When Chalmers claims that explanations which only explain structure and function won't explain consciousness, this could be indicative of the fact that there is a mystery about consciousness. But it is at least as likely that the problem lies with our concept of explanation. If we had a variety of different explanations, some of which relied on structure and function, and others that relied on something else, this might require us to give a special status to experience . But as far as I can see, what Chalmers means by "structure and function" is the same thing as "explanation": To say that something has structure and function is simply to say that it is explicable. Chalmers says that by function he means "any causal role in the production of behavior that a system might perform." (Chalmers 1995 p.202). And he gives no example of an explanation that doesn't explain something by giving its structure and function. If it is impossible to say anything about anything at all, either mathematically or verbally, without giving its structure and function, then the fact that experience cannot be explained without describing structure or function seems to be as much a characteristic of explanation itself, as about experience.

I'm therefore going to begin this paper by considering the relationship between knowledge and experience.
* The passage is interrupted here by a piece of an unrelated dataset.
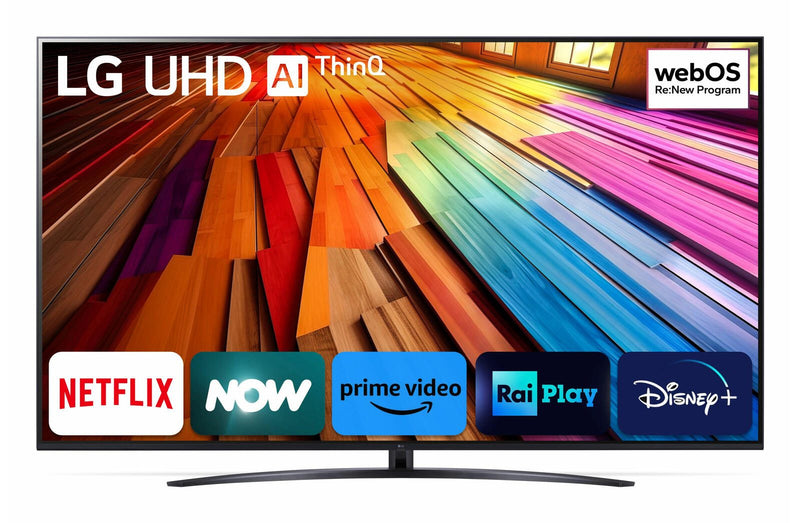 LG 86UT81006LA 4K UHD Smart TV 2,18 m (86')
Most of us assume that knowledge consists of causal explanations, so if we cannot establish a relationship between causal explanations and experience, this would apparently create problems for the task of relating knowledge and experience. I believe that many of Chalmers' more counterintuitive claims follow from epistemological presuppositions of this sort that are widely believed by almost everyone, except for a few professional philosophers. The fact that Chalmers' conclusions are so counterintuitive, however, indicate that there may be good reasons for reexamining those premises, regardless of how undeniable they may seem. The premises I would like to consider are exemplified by the following quotes from Chalmers.
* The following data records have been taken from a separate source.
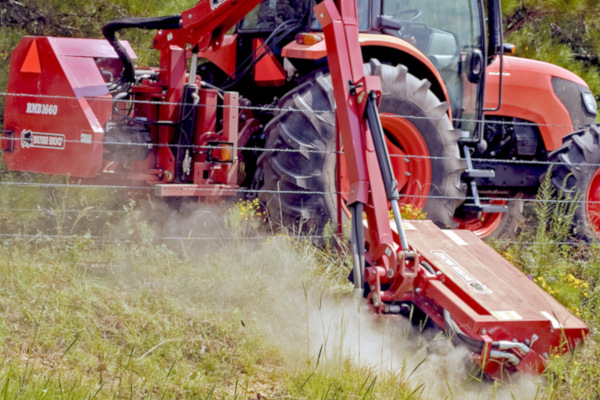 Bush Hog | Boom Mowers | RMB Boom Mowers for sale at H&R Agri-Power, Kentucky, Illinois, Tennessee, Alabama, Mississippi and Indiana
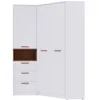 Schrank-Set GRANT SET 15N Mehrzweckschrank-Set Eckmöbelset Produktbild-Vorschau 1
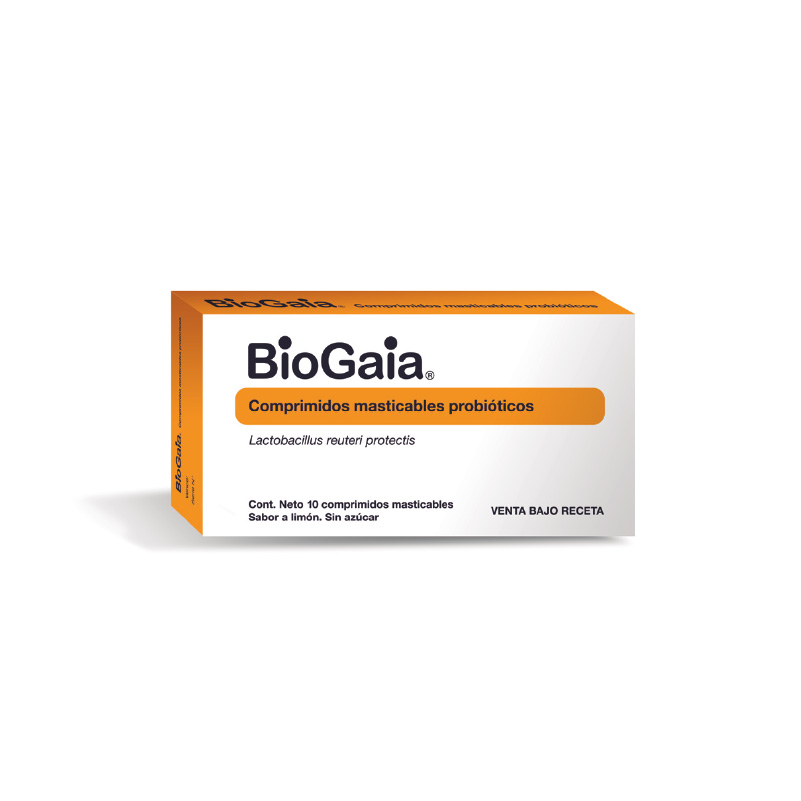 BIOGAIA SABOR LIMON 17 MG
Conscious Experience, by contrast, forces itself upon us as an explanandum and cannot be eliminated so easily". (Chalmers 1996 109)

Experience is the most central and manifest aspect of our mental lives, and indeed is perhaps the key explanandum in the science of the mind. Because of this status as an explanandum, experience cannot be discarded like the vital spirit when a new theory comes along. (Chalmers 1995 p.206)

If it were not for the fact that first-person experience was a brute fact presented to us, there would seem to be no reason to predict its existence (Chalmers 1990)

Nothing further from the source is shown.